Against this backdrop, the threat posed by human-induced climate change must seem distant and remote, something that can be pushed off until this nearer-term threat is dealt with. And, yet, nothing has changed. Global warming still represents the greatest threat to our country, our civilization, and our world. The issues surrounding these hate groups don’t reduce the threat to our descendants from global warming. The immediacy of the moral and physical challenges presented by hate and racism to our society doesn’t erase the fact that we are rapidly approaching a tipping point in temperature rise and climate change where many of the climate changes that are just beginning now will accelerate and become irreversible. The costs to adapt to those changes will far outstrip the costs to convert to clean energy and thereby mitigate some of their impact.
In light of current government policies toward climate change, we can’t afford to let up. We can’t allow those who oppose countering climate change to use the threats of hate groups as a distraction while they move to further weaken the EPA and our fight against environmental destruction. It’s ironic that many of those who oppose global warming are the same ones who provided inadequate responses to the events in Charlottesville while attempting to cloud the issue with specious arguments about the Civil War.

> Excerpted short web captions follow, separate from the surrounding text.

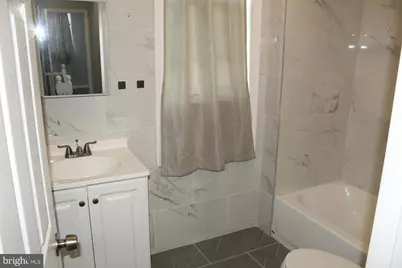 2546 W Seltzer Street, Philadelphia, PA 19132 - Photo 15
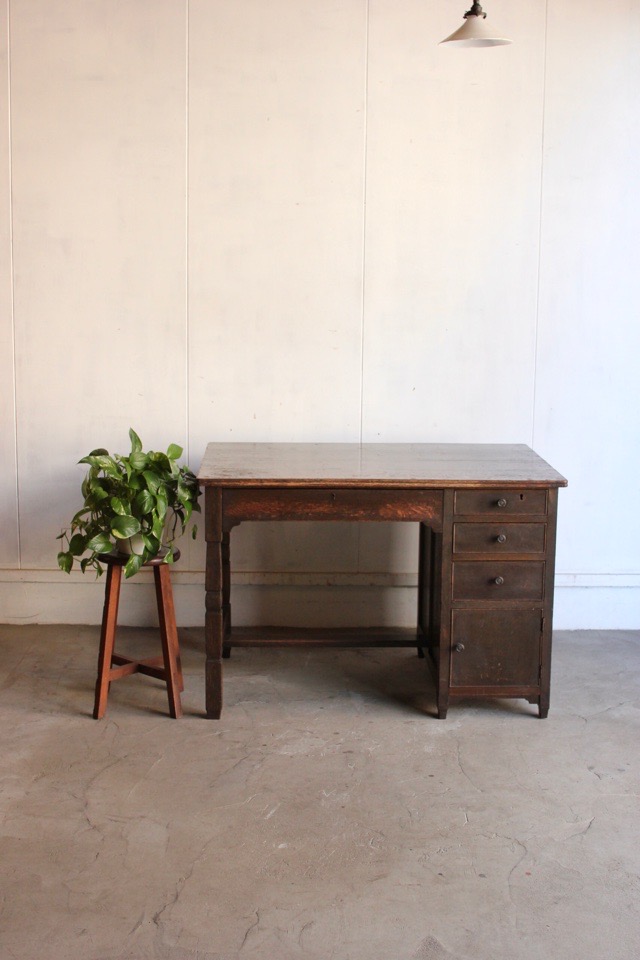 片袖机 | 全ての商品 - 古家具古道具 そうすけ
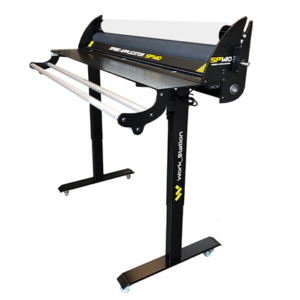 Speed Applicator and Work station bundle - Image 1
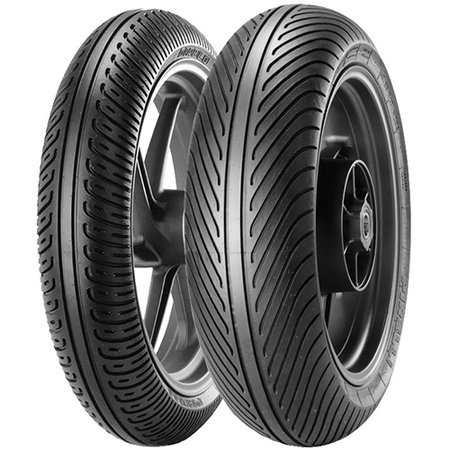 Pirelli Diablo Rain 110/70 17 TL Передняя NHS SCR1 K469 Pirelli Diablo Rain 110/70 17 TL Передняя NHS SCR1 K469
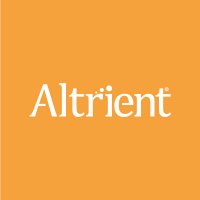Altrient (@altrient) 's Twitter Profile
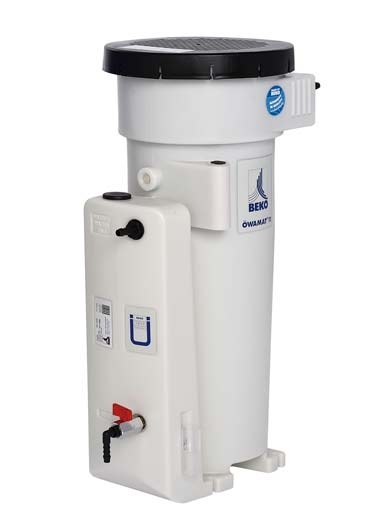 Öwamat 11 Separátor voda/olej - 2048011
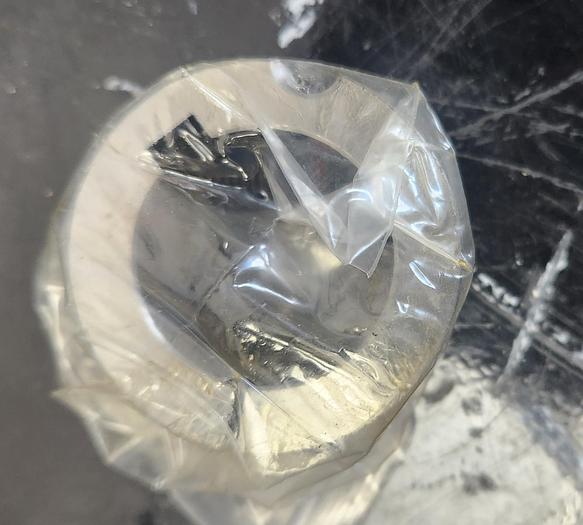 Blackstar 1610 1-3/8 Tapered Bushing New in Box - GHB-41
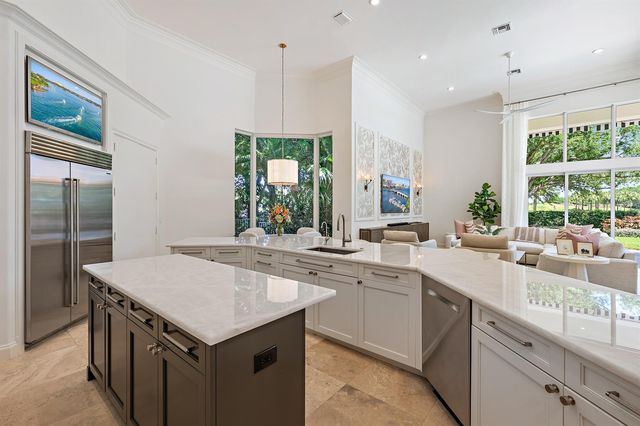 106 Commodore Drive, Jupiter, FL 33477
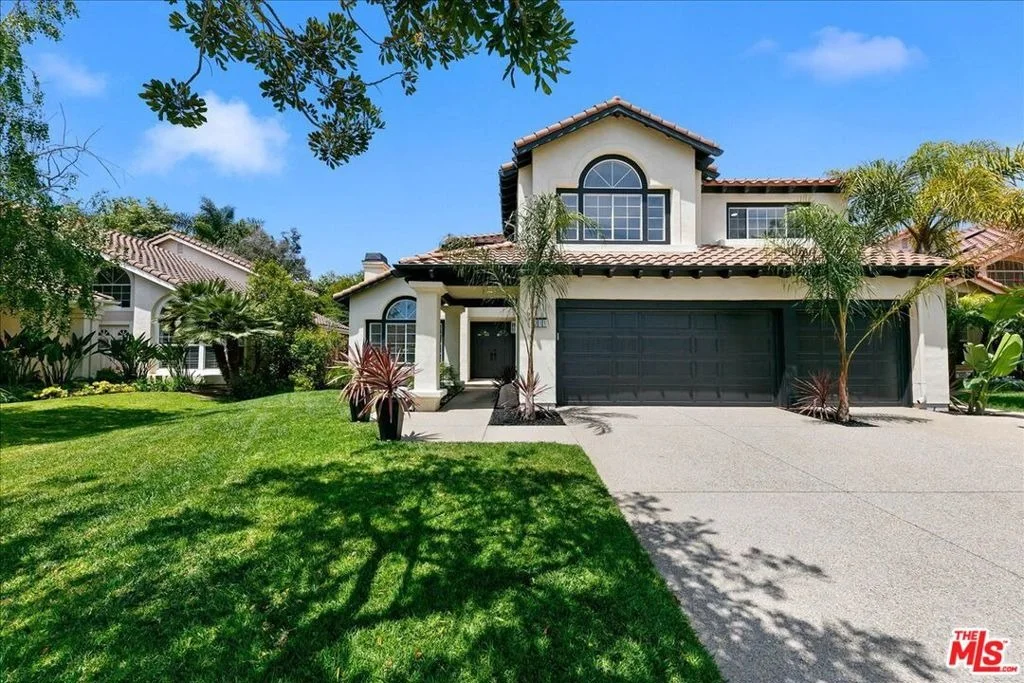 Photo of 2211 Pebble Beach Trail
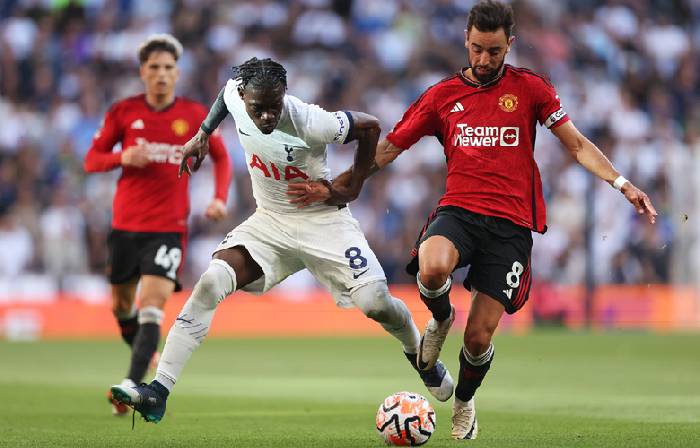 Nhận định, soi k&egrave;o MU vs Nottingham, 21h00 ng&agrave;y 26/8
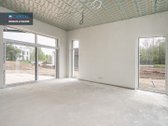 Vilniaus mieste parduodamas erdvus, modernaus - nuotraukos Nr. 9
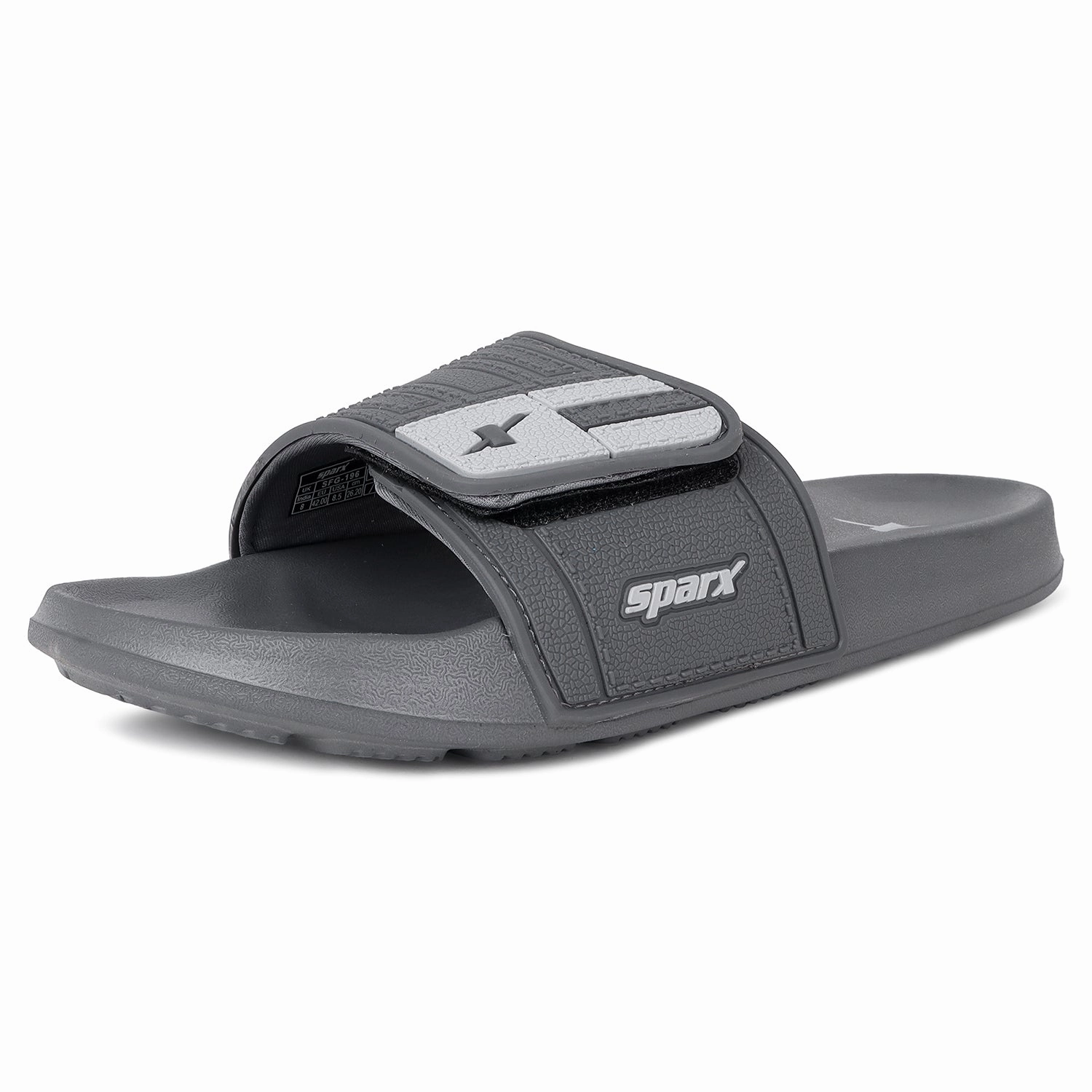 Shih Tzu Slippers Slippers for Men SFG 196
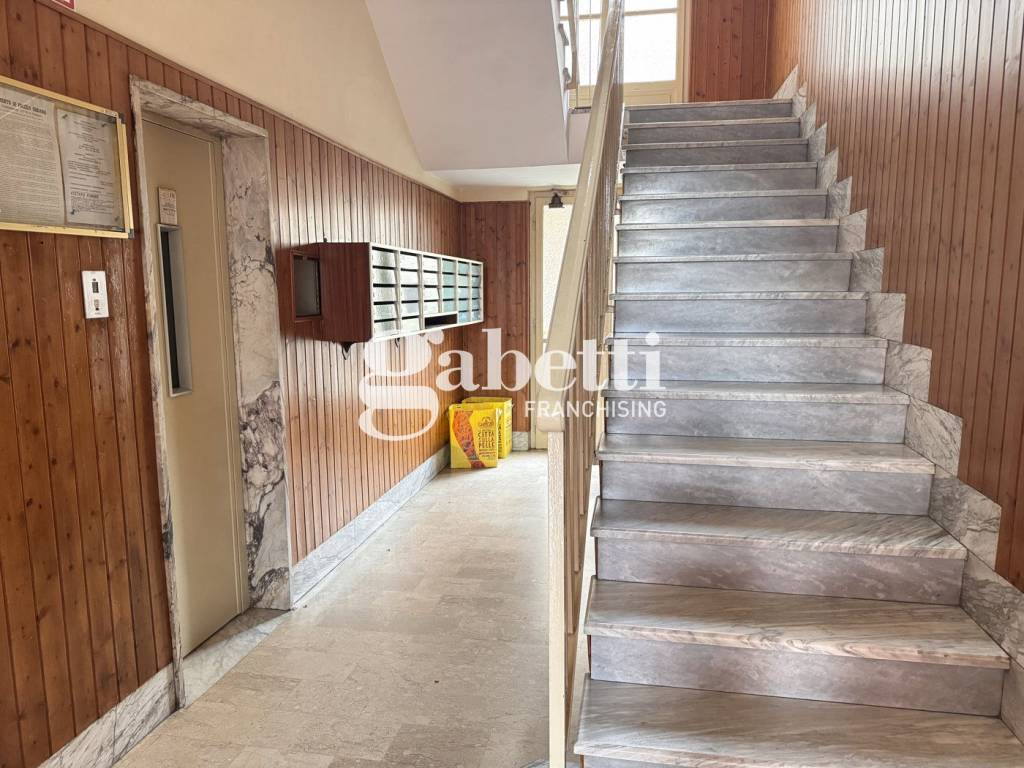 Appartamento in Santa Rita, foto 28 di 29
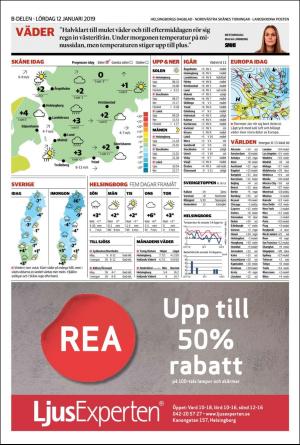 landskronaposten_b-20190112_000_00_00_028.pdf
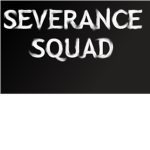 Severance Squad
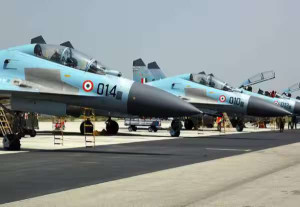 சிலிகுரி அருகே 3 ராணுவ தளங்களுக்கான பணிகள் ﻿ ஆரம்பம்!: இந்தியா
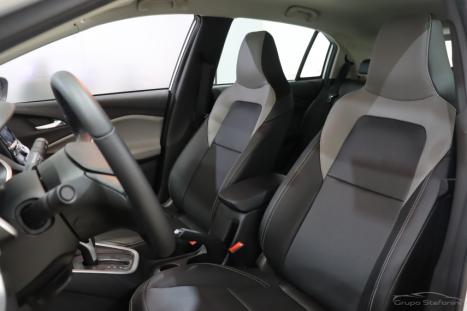 CHEVROLET Onix Hatch 1.0 12V 4P FLEX PREMIER TURBO AUTOMTICO, Foto 7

Until we can change government policies, it still comes down to things that we, as individuals, can do to fight climate change. Last month I wrote about how we can purchase renewable energy for our homes and apartments through our utilities. Janeen and I did just that, signing up for 100% wind-generated electricity with Arcadia Power, a company that also offers an option to purchase power credits from solar cell projects it’s constructing. The Shir Shalom Green Team will continue working to improve our building’s electrical efficiency and to decrease its carbon footprint.
We are faced with two difficult moral struggles that will define the world we leave to our kids and grandkids. I remind you of Rabbi Jill Jacobs’ explanation that Tikkun Olam supplies Judaism’s imperative to fix the world both morally and physically. That means we can’t stop either effort. Most importantly, through all of these times of crisis, we should never lose sight of our faith as a source of strength by providing us with a moral courage that spans thousands of years of human history.